Hello,
I am trying to efficiently export data that is locked inside PDF files. I know that there are a few ways of doing this. I am starting off by learning how to use the Tabulizer package.
As an example, here is the PDF that I am using:
During my initial exploration, I tried exporting the table in page 16:
url <- "https://d1io3yog0oux5.cloudfront.net/_2747cc8535dcb78c0cc79115c3968b21/skx/db/437/3006/annual_report/2017_ANNUAL_REPORT.pdf"
test_pg_16 <- extract_tables(url, pages = 16, guess = TRUE, output = "data.frame")
> test_pg_16
[[1]]
X X2016 X.1 X2017 X.2 X2017.1 X.3
1 Domestic stores NA NA NA NA NA
2 Concept ............................................................................... NA 117 NA 5 NA (5)

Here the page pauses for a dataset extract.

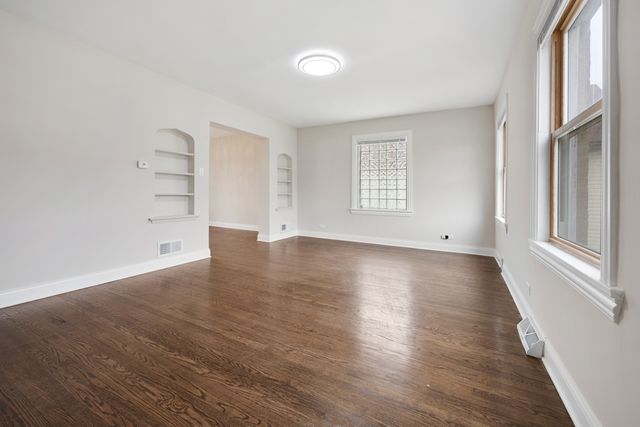 8435 S Cregier Avenue, Chicago, IL 60617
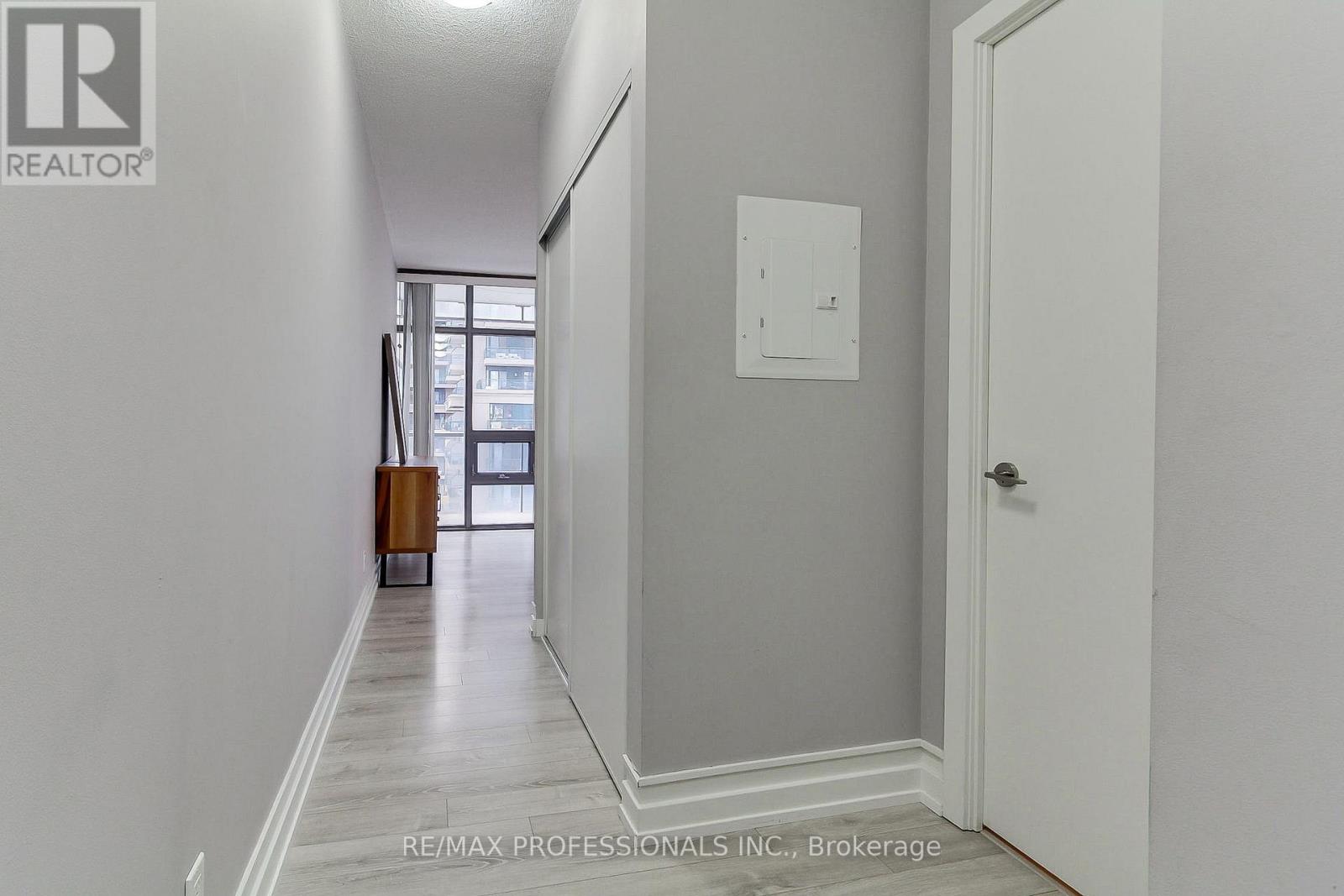 710 - 33 Charles Street E, Toronto, Ontario  M4Y 0A2 - Photo 8 - C13703222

3 Factory Outlet ..................................................................... NA 163 NA 7 NA —
4 Warehouse Outlet ............................................................... NA 133 NA 29 NA —
5 Domestic stores total .......................................................... NA 413 NA 41 NA (5)
6 International stores NA NA NA NA NA
7 Concept ............................................................................... NA 101 NA 19 NA —
8 Factory Outlet ..................................................................... NA 51 NA 16 NA —
9 Warehouse Outlet ............................................................... NA 5 NA 4 NA —
10 International stores total ..................................................... NA 157 NA 39 NA —
The output is obviously quite messy, but I think I will be able to find some way to clean up most of it via some data wrangling in dplyr.
My key question: what are my options if the data is embedded inside the PDF as an image?
For example, page 89 of this annual report looks like this:
test_pg_89 <- extract_tables(url, pages = 89, guess = TRUE, output = "data.frame")
# this comes up empty
pg_89_text_only <- extract_text(url, page = 89)
# this also comes up empty
I realize that this may be a fairly complex problem. I am guessing one would have to extract the images first, and then find a way to read the text on those images via some sort of character recognition process. But I am working on a project that involves a lot of PDF files and a large number of them have stored the data as images embedded inside the PDF.
Any thoughts or pointers to resources would be very helpful. Thanks in advance.